Simsek, Selin; ŞİMŞEK, YILMAZ

doi:10.4134/ckms.c230045

FORMULAS AND RELATIONS FOR BERNOULLI-TYPE NUMBERS AND POLYNOMIALS DERIVE FROM BESSEL FUNCTION

Simsek S. S. O., ŞİMŞEK Y.

Communications of the Korean Mathematical Society, vol.38, no.4, pp.1175-1189, 2023 (ESCI)

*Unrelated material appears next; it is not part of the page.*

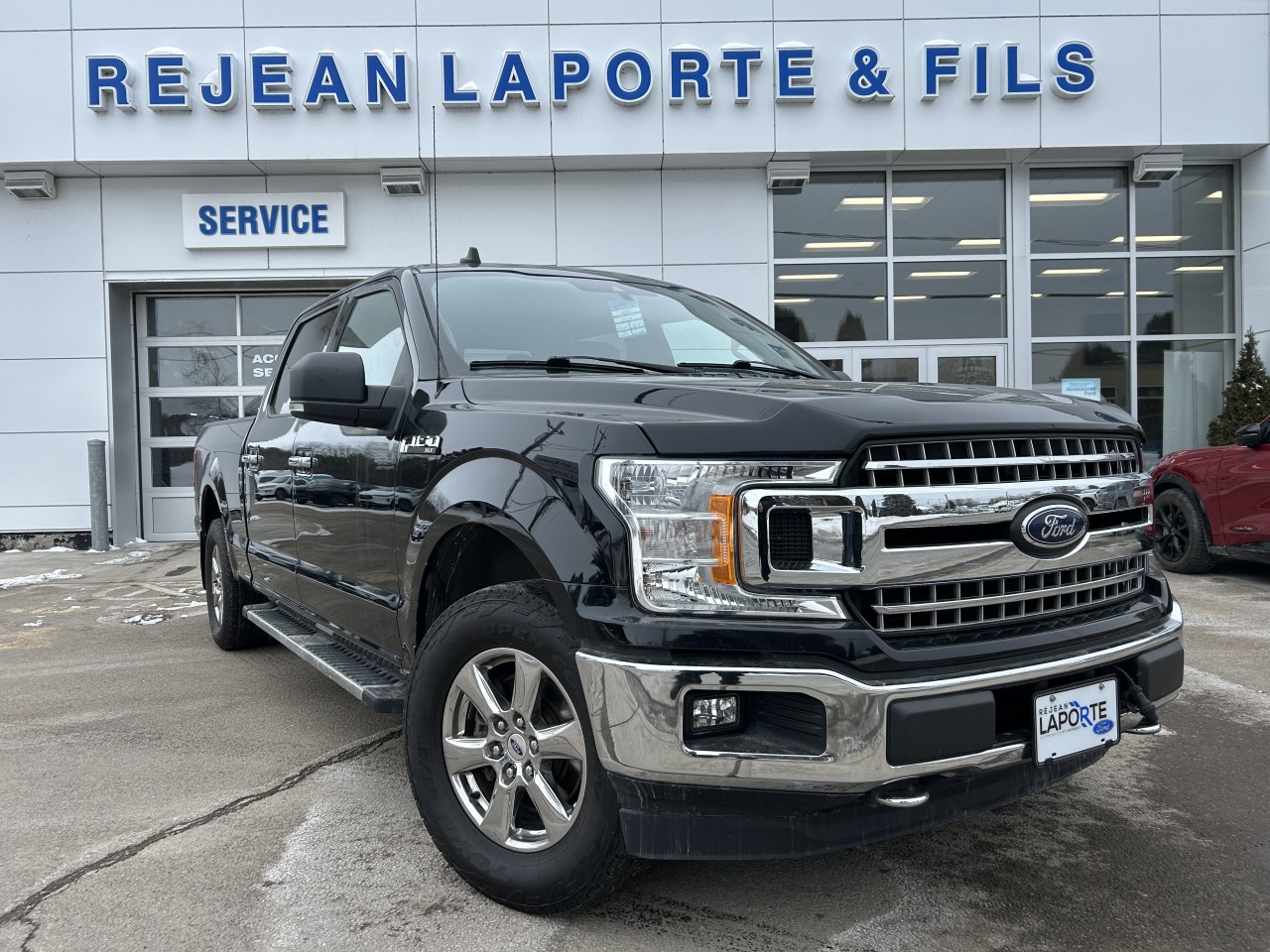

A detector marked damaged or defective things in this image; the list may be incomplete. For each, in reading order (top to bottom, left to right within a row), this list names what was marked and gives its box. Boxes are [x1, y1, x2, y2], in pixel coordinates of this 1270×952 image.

pavement crack [0, 731, 401, 934]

Publication Type: Article / Article
Volume: 38 Issue: 4
Publication Date: 2023
Doi Number: 10.4134/ckms.c230045
Journal Name: Communications of the Korean Mathematical Society
Journal Indexes: Emerging Sources Citation Index (ESCI), Scopus, zbMATH
Page Numbers: pp.1175-1189
Keywords: Bernoulli numbers and polynomials, Bessel functions, Euler gamma functions, Euler numbers and polynomials
Akdeniz University Affiliated: Yes

Abstract

The main purpose of this paper is to give some new identities and properties related to Bernoulli type numbers and polynomials associated with the Bessel function of the first kind. We give symmetric properties of the Bernoulli type numbers and polynomials. Moreover, using generating functions and the Faà di Bruno’s formula, we derive some new formulas and relations related to not only these polynomials, but also the Bernoulli numbers and polynomials and the Euler numbers and polynomials.